GerdaOS was recently unfrozen as a fork for the Nokia 8110 as well.
It would be nice to see more FOSS tinkering in the ‘dumb’ phone space as folks seek to drop their smart phones. I’m not sure what omen IPFS means on Capyloon, but they are running on multiple devices. I wanted FxOS to succeed in the past as I found Java too cumbersome to deal with for Android, and JavaScript + web tech can theoretically all you to right your app once and get a decent enough experience on multiple platforms.
The cool thing about Java isn’t the language, it’s the JVM, and there are lots of languages that run on it. These days Android dev seems to be moving toward Kotlin, which looks like a much better language. I’d love to be able to use Kawa Scheme to develop for Android, which should be possible in theory, but …
The dev tooling around Android and Java is another matter. It all seems so very baroque. And getting anything done without an IDE is difficult. I feel like I have to sacrifice seven goats on a night of the full moon just for the equivalent of hello world. Which is why I never went very far with Android development.
The cool thing about my CPU’s ISA is that there are lots of languages that target it. If the first thing that you want to do with a CPU is make it emulate one with a very different abstract machine then something has gone wrong somewhere.
How’s the language interop with that CPU’s ISA?
If you buy into the JVM, you get a huge standard library of existing Java that is usable from other languages. Then there are the numerous 3rd party libraries. You get some measure of safe interoperability, too.
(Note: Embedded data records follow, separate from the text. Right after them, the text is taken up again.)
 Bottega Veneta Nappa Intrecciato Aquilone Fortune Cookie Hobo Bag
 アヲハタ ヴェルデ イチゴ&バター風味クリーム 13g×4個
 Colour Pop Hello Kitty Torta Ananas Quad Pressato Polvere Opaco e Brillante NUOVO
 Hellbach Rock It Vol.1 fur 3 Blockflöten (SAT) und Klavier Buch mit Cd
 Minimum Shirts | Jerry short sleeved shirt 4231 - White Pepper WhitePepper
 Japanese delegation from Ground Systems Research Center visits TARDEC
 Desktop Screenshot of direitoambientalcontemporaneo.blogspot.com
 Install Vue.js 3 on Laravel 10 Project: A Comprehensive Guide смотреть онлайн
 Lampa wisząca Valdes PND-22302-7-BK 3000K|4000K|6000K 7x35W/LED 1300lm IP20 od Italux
Whereas on Unix, if you want to call something written in another language, you’re going to have to go through C. That necessarily adds unsafe components to an otherwise memory-safe environment.
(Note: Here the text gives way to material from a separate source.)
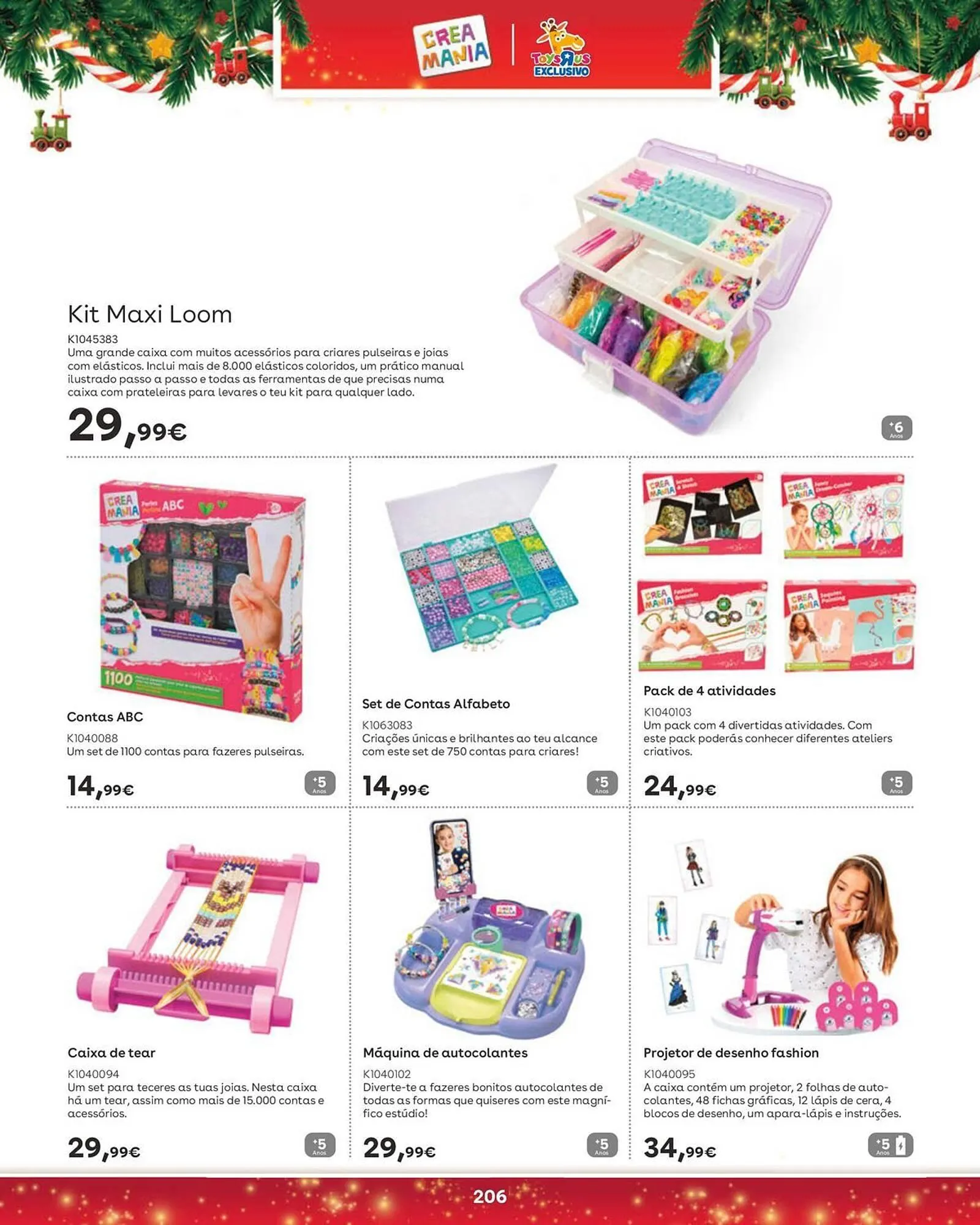 Folheto Catálogo Toys R Us de 5 de novembro até 5 de janeiro 2026 - Pagina 206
I’m not trying to sell the JVM, but I do see what makes it attractive as a target.
All of them?
Last time I checked, there were over ten billion lines of C/C++ code available in open source repos, but closer to one billion in all of the JVM languages added together. Objective-C had only around three hundred million lines, but could interoperate trivially with all of the C/C++ code.
Even the preamble to the section on the JNI spec says that it doesn’t even bother trying to validate anything because all bets are off as soon as you call native code, so you get the appearance of safety, not any of the reality. I have implemented a sandboxed version of the JNI, but it requires CHERI hardware and that isn’t exactly mainstream yet.
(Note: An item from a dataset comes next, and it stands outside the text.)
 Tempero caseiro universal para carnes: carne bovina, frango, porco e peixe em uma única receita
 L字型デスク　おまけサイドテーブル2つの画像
In 2013 there were a few less options. Eta was cool while it lasted, and I don’t think I’ve heard of any MLs on the platform, like how CLR has F#.
Wait, what happened to Eta?
Kotlin is probably a good enough ML when used in certain strict ways (sealed data classes allow discriminated unions and matching, Arrow can provide useful monads, etc.) that we won’t see something like F#. Honestly, if C# 11 had been C# 2, I don’t know if we’d have F#, either (though I’m very happy we do!).
The Eta compiler hasn’t been touched in years (CLAs don’t usually help either).
I don’t know much about Kotlin, but even if it has ML inspiration, the aesthetics and feel aren’t there (curly blocks, functions need
()
,.
method calls, no first-class pipe/compose operators, sealed class is not the same feel as (G)ADTs). It’d be a hard sell to a lot of folks that it’s good enough.